Working through Dec. 31 Santana was on call for his job and away from the rapidly expanding novel. “Besides that, I worked continuously through the night into New Year’s Day. I had pulled 120,000 words out of the chatbot but I only used 35,500 words for the novel. I think that the ratio of total words to words used does not reflect poorly on ChatGPT. I think that’s more indicative of my learning curve with my prompts and an overall strategy change midway.”
Subsequently. Santana ran across Ray Kurzweil’s non-fiction work The Singularity is Near. He thinks ChatGPT drew on ideas from Kurzweil’s work by him, in which the author sees the pace of technological change outpacing the ability for humans to keep up.
Santana finished his novel on New Year’s Day. After designing some cover artwork he completed his work by publishing an e-version of The Singularity through Amazon later that day. At the time he believed his work by him was the first novel published through the use of artificial intelligence. Later he discovered through Reddit that an earlier novel was published on New Year’s Eve.
Whether first or second, the important point is that someone was so enthusiastic about this software that it led them to try something otherwise out of reach. This is illustrative of why ChatGPT, and certainly other AI applications to follow, should be embraced in education rather than sidelined through filtering and blocking technologies.

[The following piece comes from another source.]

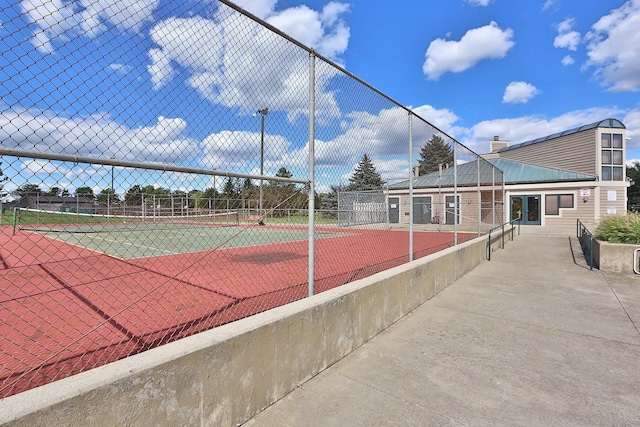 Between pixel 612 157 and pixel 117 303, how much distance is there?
28805mm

ChatGPT is making inroads in many areas already. Need to develop a business plan? Putting your house up for sale and need a descriptive listing? Have to go to a strata council meeting and want all the paperwork summarized and reduced to key points? These are the sorts of things already being done with ChatGPT.
Today’s students will be using this sort of tool regularly. We must teach about ChatGPT’s potential uses (many of which remain to be unearthed) as well as about its limitations (don’t trust it for mathematics/physics, for now).
We must also be sure to cover ethical implications that arise from using artificial intelligence tools.